Form creation on MS Word 2003 on an XP system. How do I make an MS Word doc with a multiple-selection dropdown listbox?

I know this can be done using VB, but I don't know VB. I've made forms before using dropdown boxes from the Forms toolbar in Word (as opposed to the Control Toolbox toolbar) but the user can make only one selection from the list.

I'd like the dropdown list to allow for non-contiguous item selection. That is, if the list items were "red", "green", "yellow", "blue", "orange", and "purple", a user could select one, any, or all of them.

I need one of the following:

a) clear instructions to use the built-in tools in Word to do what I want
b) a reference that a complete VB noob can use to build a multi-select dropdown listbox -- fast.

Can anyone help with one or the other?
posted by angiep to Computers & Internet (4 answers total) 1 user marked this as a favorite
 
This may not be as elegant, but what about just using a list with check boxes (from the forms toolbar) for each item?

Please select you choice of color(s) (choose all that apply):
--checkbox-- red
--checkbox-- green
--checkbox-- yellow
--checkbox-- blue
etc.
posted by jeoc at 10:48 AM on May 27, 2009


Response by poster: Thanks, jeoc. I'd already decided to do that if I can't get the dropdown list to work. Unfortunately, my list is much longer than half a dozen colours, and the text for each choice is a 5-10 word sentence. I was looking for something that would be a little more elegant.

I'm caught in the old trap of good-fast-cheap, where only two of them can work at any one time.

Thanks for trying to help, though!
posted by angiep at 11:01 AM on May 27, 2009


Best answer: I've done this in MS Access. Here's a link to a helpful bunch of VB code to do it there.
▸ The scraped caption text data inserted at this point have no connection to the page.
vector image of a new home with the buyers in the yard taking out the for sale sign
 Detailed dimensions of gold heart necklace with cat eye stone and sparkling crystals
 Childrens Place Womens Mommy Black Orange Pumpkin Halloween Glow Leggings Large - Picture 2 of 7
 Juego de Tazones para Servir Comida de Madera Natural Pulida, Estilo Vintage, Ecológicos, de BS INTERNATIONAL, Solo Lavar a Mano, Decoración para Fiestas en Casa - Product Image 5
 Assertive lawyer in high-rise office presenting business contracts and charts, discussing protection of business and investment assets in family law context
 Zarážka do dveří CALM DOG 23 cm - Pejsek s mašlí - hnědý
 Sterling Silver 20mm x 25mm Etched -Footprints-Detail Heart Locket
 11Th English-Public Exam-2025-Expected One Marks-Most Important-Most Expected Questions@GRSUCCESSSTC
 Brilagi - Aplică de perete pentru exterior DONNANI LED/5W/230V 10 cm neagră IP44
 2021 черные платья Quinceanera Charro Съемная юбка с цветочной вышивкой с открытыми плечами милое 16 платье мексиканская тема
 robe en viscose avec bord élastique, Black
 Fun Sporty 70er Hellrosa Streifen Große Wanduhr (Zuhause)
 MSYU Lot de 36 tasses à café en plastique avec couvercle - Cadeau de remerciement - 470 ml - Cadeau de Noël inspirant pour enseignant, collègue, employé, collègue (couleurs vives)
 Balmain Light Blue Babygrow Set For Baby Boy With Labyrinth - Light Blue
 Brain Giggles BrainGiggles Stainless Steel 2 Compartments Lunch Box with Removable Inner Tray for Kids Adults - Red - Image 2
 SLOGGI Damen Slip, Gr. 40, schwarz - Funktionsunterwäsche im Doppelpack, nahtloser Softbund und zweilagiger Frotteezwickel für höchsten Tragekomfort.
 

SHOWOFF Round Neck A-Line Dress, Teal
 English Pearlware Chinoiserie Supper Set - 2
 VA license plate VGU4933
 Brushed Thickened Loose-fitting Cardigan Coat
The challenge with multi-selection list boxes is that you have to figure out how the data will be stored. With a single selection, it's simple - you just have the selection go into one variable. With multiple selections possible, you don't know how many variables you'll need. People might choose one, all, or none of the selections. In Access/VBA coding, the way you do it is loop through all the items in the list to see which ones were selected, and as you're doing that, you keep adding each selection to a string that ultimately becomes a clause in a SQL query. I suppose you could use a similar strategy in Word, except the extended string becomes what's stored in the variable. Your next challenge though would be to figure out how to extract and use the string data that would be "red yellow orange" for one person and "blue orange purple" for the other.
posted by jasper411 at 11:05 AM on May 27, 2009


Response by poster: Thanks so much, Jasper! The site you referenced is super.